Monday, October 31, 2011

Back-Campus Cleanup and Meditative Walk

Friday afternoon we held a back-campus cleanup and meditative walk. The event was co-sponsored by every single religious life group on campus: Earlham Christian Fellowship, Bahai Club, Buddhist House, Earlham Young Friends, Jewish Student Union, Interfaith House, Questing Catholics, Unitarian Universalists, and the Muslim Student Association. Earlham Environmental Action Coalition was also a co-sponsor. We started in a silent circle on The Heart, then got to know each other by sharing our favorite things about nature. Warm sunshine, vivid colors, blowing leaves, and God's presence were some of the answers given. We then set out in two groups for back-campus, hands gloved and trash bags in tow.

We walked in the back-campus woods for about an hour, some in silence and some not. We made sure to keep track of recycling and trash so that we would not have to sort it out later. By the end of the hour, we had more than 10 bags filled, along with a blue kiddy pool and a sled! We closed the meditative walk with another silent reflection circle around the bags filled with trash. It felt good to see the difference that we could make in just one hour, but it was also sad to think how much more there is to do. All attendees expressed interest in attending another back-campus cleanup, and we plan on having another one next semester.
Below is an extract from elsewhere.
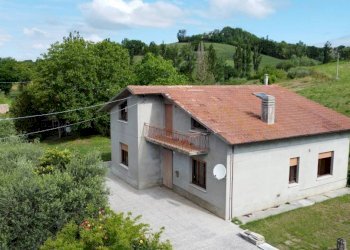 Vista - Villa strada di Carpaneto, Pesaro - foto 12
In other news, steering committee members are working hard on outreach to local churches. We are also just starting to plan a discussion, hopefully led by Earlham religion professors, that is centered around environmentalism in sacred texts.

1 comment:

  1. A collective effort from the whole community can make a big difference in maintaining the cleanliness of our environment. Aside from regular clean up drives, improving social awareness about our deteriorating environment could also be used as a wake up call to everyone. If we don’t do something to save our world, then, we should be prepared to face the consequences.